* Exercise prompt *
In full and without alteration, give the listing again.

***** Stored data

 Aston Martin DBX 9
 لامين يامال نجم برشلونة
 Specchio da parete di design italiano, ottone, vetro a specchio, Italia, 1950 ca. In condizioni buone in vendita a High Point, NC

**********

* Answer space *
 Aston Martin DBX 9
 لامين يامال نجم برشلونة
 Specchio da parete di design italiano, ottone, vetro a specchio, Italia, 1950 ca. In condizioni buone in vendita a High Point, NC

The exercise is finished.